» Information provided
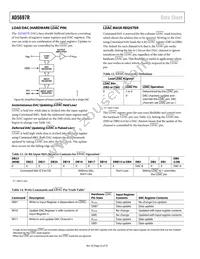 AD5697RBRUZ-RL7 Datasheet Page 22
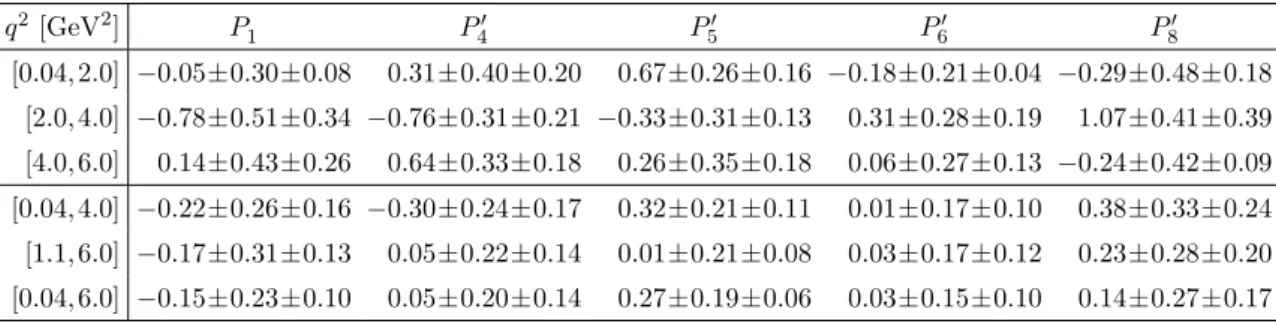 Table 3. The values of P 1 , P 4 0 , P 5 0 , P 6 0 and P 8 0 parameters obtained for different bins in q 2 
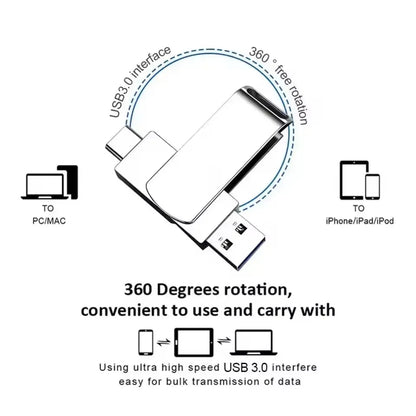 16TB USB 3.2 Flash Drive Metal High-Speed Memory Stick for Windows & Mac, Waterproof, Portable Plug and Play Compatible with All Systems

» Your objective
A verbatim copy of the listing, with all pictures removed, is required.

» Expected output
 AD5697RBRUZ-RL7 Datasheet Page 22
 Table 3. The values of P 1 , P 4 0 , P 5 0 , P 6 0 and P 8 0 parameters obtained for different bins in q 2 
 16TB USB 3.2 Flash Drive Metal High-Speed Memory Stick for Windows & Mac, Waterproof, Portable Plug and Play Compatible with All Systems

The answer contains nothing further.